Usually I have a quick glance through the window at the light breaking over the Manhattan skyline, but for most of the last month I’ve watched the day begin over the Minch, the stretch of water that separates the Outer Hebrides from the Scottish mainland.
In a rare stroke of luck, that view was bathed in sunshine nearly every day of those three weeks. The unusual stretch of hot, sunny weather in May reminded me of summers as a child, when my brother and I would climb heather-filled hills playing adventure games, and go paddling at the beach armed with buckets and spades.
This spring was the first time Mr. Stories My Suitcase Could Tell had seen the Outer Hebrides in the sunshine (not to mention the first time he’d experienced midges!), and what a difference it made. We were able to explore the island, hike through the moor, visit the croft at Air an Lot, and even go swimming one day, the weather was that wonderful.
It’s been nearly four years since I moved to the USA, and I’m beginning to learn that no matter how long your visit home – I was in the UK for three weeks this time – there is never enough time to see all the people you would like to.

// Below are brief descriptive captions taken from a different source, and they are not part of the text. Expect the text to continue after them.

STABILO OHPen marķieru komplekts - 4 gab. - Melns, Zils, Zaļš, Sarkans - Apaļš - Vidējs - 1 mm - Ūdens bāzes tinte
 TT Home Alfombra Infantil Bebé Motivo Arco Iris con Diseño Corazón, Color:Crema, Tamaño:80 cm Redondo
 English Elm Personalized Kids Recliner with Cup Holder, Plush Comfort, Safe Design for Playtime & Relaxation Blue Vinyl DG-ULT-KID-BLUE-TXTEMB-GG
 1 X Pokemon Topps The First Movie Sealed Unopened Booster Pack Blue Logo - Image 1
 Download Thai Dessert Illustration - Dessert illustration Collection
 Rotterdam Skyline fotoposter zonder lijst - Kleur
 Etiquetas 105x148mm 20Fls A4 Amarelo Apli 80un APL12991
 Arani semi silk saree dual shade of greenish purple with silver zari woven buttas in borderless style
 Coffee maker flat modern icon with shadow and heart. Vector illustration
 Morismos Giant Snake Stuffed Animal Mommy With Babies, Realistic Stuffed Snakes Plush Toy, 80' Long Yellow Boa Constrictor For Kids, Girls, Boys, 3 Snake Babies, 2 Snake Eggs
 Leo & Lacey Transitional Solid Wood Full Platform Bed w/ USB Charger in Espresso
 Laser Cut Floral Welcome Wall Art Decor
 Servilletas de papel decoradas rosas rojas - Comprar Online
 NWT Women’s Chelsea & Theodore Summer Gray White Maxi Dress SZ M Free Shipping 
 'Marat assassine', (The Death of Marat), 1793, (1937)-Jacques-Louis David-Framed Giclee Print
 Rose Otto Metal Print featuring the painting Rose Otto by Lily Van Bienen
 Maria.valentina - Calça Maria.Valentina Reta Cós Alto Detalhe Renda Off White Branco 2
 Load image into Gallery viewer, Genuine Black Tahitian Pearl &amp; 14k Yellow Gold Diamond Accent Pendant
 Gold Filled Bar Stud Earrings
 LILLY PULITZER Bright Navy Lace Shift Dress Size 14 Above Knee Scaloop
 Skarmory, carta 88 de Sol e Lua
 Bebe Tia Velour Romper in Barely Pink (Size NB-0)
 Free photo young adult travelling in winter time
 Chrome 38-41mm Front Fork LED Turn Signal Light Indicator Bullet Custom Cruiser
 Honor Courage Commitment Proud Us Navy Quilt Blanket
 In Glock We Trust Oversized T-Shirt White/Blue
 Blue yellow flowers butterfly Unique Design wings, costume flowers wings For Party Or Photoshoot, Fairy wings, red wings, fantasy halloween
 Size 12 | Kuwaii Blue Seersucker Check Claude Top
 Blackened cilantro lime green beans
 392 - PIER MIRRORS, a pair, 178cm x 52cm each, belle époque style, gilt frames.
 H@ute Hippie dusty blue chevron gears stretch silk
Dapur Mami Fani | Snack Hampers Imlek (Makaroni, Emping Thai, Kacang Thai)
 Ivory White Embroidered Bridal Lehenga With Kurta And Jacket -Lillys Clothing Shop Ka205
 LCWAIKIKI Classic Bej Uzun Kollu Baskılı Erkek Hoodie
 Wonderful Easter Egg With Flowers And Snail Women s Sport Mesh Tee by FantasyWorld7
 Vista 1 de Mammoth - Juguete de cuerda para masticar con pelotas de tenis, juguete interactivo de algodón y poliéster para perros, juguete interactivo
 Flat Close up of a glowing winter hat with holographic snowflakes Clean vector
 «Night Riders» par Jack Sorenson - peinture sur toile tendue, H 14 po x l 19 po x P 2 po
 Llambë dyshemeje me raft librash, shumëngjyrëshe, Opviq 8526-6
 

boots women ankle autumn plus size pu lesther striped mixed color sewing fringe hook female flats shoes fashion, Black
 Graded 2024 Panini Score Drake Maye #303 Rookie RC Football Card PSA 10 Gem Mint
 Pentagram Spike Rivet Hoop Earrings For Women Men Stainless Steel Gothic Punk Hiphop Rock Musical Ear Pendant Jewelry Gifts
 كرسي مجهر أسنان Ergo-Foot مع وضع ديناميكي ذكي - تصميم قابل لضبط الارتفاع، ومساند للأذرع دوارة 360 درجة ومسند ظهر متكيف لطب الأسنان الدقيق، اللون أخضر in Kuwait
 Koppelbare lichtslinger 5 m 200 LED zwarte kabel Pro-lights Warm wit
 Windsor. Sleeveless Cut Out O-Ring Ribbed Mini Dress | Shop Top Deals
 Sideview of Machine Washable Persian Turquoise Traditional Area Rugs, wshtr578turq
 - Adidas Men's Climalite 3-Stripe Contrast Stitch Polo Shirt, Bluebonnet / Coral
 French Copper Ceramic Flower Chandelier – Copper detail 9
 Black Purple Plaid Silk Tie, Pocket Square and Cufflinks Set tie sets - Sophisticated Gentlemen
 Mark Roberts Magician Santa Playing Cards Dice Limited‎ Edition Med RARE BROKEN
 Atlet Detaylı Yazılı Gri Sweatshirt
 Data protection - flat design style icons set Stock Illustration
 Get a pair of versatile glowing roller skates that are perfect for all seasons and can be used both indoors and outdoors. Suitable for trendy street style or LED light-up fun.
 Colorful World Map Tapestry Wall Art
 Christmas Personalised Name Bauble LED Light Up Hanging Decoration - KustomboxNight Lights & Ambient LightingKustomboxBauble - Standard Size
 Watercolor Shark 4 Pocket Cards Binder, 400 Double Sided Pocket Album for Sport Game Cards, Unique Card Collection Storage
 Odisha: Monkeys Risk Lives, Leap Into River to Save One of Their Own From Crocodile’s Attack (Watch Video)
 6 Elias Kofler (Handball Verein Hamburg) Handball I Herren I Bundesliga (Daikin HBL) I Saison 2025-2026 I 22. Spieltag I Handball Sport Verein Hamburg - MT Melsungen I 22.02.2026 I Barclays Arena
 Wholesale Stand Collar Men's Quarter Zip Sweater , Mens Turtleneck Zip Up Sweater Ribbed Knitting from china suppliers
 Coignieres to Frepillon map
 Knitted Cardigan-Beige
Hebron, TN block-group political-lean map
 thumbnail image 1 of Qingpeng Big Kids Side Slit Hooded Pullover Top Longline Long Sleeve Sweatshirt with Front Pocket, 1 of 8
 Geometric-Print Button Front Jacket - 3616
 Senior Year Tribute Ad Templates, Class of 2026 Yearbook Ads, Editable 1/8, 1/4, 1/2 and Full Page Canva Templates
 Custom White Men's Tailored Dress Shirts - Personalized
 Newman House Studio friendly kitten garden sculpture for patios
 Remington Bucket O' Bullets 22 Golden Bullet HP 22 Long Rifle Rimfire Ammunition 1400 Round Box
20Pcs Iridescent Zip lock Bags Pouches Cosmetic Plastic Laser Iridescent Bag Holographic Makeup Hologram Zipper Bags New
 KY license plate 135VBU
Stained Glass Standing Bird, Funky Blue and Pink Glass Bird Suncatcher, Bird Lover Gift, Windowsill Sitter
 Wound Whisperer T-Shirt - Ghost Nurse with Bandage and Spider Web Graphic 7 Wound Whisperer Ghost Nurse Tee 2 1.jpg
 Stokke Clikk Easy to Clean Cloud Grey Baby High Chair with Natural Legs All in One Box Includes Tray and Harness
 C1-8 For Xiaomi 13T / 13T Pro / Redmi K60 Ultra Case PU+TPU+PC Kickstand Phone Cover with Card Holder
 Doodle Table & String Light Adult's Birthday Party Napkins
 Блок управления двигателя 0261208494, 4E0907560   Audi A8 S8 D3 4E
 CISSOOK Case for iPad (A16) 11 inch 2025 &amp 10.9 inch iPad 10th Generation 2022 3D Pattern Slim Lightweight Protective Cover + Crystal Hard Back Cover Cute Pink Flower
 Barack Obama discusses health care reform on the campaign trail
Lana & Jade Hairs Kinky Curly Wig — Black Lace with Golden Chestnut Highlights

With the ones you do manage to see, however, the conversation and laughter flows as if you saw each other yesterday. This time the catch-ups were spread across the country: Lewis, Glasgow, Dunfermline, and the Lake District. There were road trips, dinner dates, outdoor games with four-year-olds, and even a wedding, set in the gorgeous surroundings of Armathwaite Hall and Bassenthwaite Lake.
(As an aside, I’m also learning that there’s never enough time to eat all the food you want to eat, either, unless you plan on returning a few sizes larger than when you left. While I had my fill of Stag bread, Stornoway black pudding, sausage rolls, and of course, Cadbury’s chocolate, I completely forgot to eat some potato waffles, and only managed fish and chips twice.)
Then there’s the task of dividing your time up between returning to old haunts and discovering somewhere new.
Bayble Beach, five minutes from my childhood home in Lewis, is always a must, as is a stroll through the Lews Castle Grounds, and a stop to admire the view over Seilebost beach. But the traveller in me sought out new destinations, too, which led to a hike up over the hills in Mangersta in Uig; a 2km walk to an eagle observatory in Harris, and a drive to the remote village of Rhenigidale.
On the mainland, it involved a stroll through Glasgow’s Merchant City as the sun set; and a morning spent delving into the rich royal history of Dunfermline in Fife. I may have had deadlines to meet, and homework to hand in, but I tried my best to make the most of the time I had in the Hebrides and further afield.
Now that I’m in my fourth year as a US resident and British expat, I’ve become used to this switching between countries and continents, slipping with ease from one life into another.
In some ways, though, it can still feel slightly disconcerting. One minute I’m paying in pounds, hearing accents like mine, and the next I’m reaching for dollars and subconsciously altering my accent in order to be understood (the two versions of English can make for some amusing encounters!).
As journalist Rosie Spinks, a dual British and American citizen, writes in her monthly newsletter, the switch is “a little bit confusing and melancholy, but always comforting. You feel both rooted and uprooted at the same time, which always takes getting used to. The trip has a beginning, middle, and an end, but it never feels over.”
When I leave, it always feels too soon.
These three sunny weeks passed in a flash, feeling more like three days; I almost can’t believe the trip I’ve been looking forward to for so long has been and gone already. But as Rosie notes, “if you’re lucky, when you head to the airport, you’re looking forward to going home – whatever that means.”
And I do count myself lucky: lucky to have loved ones in two locations, a lifetime of roots in one place and new shoots growing stronger in another. If home is where the heart is, then I think it’s safe to say I’ve got two of them.